Conversely, when you create users within Mac OS X Server using Network Manager, that user has access to AFP services, in addition to other logon privileges the user may have (to the console, FTP, and so forth).
When you create an administrative user from Remote Administration, that user is only an Administrator over Apple File Services. That means that the user can log into Remote Administration, and that when the user logs in througgh the Chooser, she sees mounted HFS and HFS+ volumes, rather than share points. However, this administrative user has no special privileges in Mac OS X Server other Apple File Services.
Setting up Share Points
Apple File Services will allow you to create a share point on any Mac OS Extended format disk. You can make either the entire disk - or specific folders on the disk - share points. You can also make removable disks (such as CD-ROM discs) or folders on removable disks share points. Hard drives formatted as Standard HFS are not supported under Apple File Services.
When you set up share points in AppleShare IP, all of the share points and privileges information is kept in one location: the AppleShare PDS file. With Mac OS X Server, these two preferences are kept in distinct places:
- Sharepoint information is kept in the NetInfo database. This is only the information about which directories are shared.
- Privileges are kept in the filesystem itself.

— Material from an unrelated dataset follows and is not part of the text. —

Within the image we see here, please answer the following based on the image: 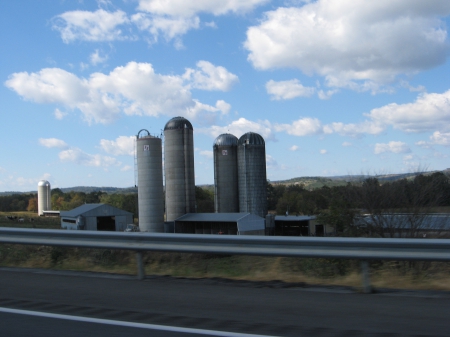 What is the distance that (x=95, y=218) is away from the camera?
51.0 m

With HFS+, Apple included the ability to define privileges within the file's header block in the filesystem. There is no separate file to track privileges as there were with Mac OS versions of AppleShare. These privileges are identical to Unix-style permissions and are accessible via command-line utilities such and chown and chmod.

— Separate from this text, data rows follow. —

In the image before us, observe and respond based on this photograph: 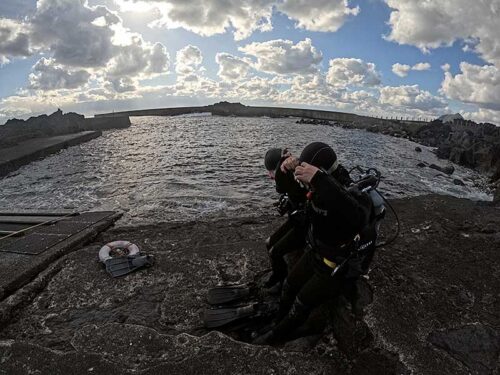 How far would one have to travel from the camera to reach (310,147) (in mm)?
3748

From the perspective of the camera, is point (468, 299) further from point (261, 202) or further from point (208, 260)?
point (261, 202)

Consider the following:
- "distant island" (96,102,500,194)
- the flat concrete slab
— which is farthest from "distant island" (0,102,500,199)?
the flat concrete slab

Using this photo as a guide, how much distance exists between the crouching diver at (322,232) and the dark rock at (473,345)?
116cm

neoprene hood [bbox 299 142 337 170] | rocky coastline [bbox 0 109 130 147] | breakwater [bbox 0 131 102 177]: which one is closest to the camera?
neoprene hood [bbox 299 142 337 170]

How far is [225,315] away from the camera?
4.06m

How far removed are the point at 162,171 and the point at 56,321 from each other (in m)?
14.9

Another difference from AppleShare IP is the Group field. In previous versions of AppleShare, there were three classes of users: Owner, User/Group, and Everyone. The User/Group could either be an individual user or a group of users. With Apple File Services, this field must be a group.
Because of the difference in the way privileges are stored in AppleShare for the Mac OS and Apple File Services, disks that were previously set up for sharing over AppleShare will not maintain privileges when shared with Apple File Services. Apple File Services will not recognize information located in the AppleShare PDS file, nor is there any way to convert that information into privileges understood by Apple File Services.
Since privilege information is kept in the filesystem itself, Apple File Services does not support privileges on read-only volumes, such as CD-ROMs. However, it is still possible to share this volume. The privileges look like this:
Figure 4, Apple File Services privileges
Privileges for read-only volumes will be read-only for everybody, and there is no way to change them.
Other Server Settings
These are the other server options available under Remote Administration:
Figure 5, Remote Administration Server Settings
These changes require a server restart to take effect. Note: Toggling guest access is immediately active over TCP/IP. Guest logon over AppleTalk only changes after a restart. TIP: Since these settings are also entered into NetInfo, NetInfo Manager is a good place to check for correct information, when troubleshooting AFP issues.
Figure 6, Checking information in NetInfo Manager
Backing up and Restoring Users & Group and Privileges.
A backup option includes the command line tools, part of BSD 4.4. The most common is the tar command. Tar does not retain user and group privileges like backing up an ASIP server. These only backup UFS volumes. To back up HFS volumes, use a third-party utility.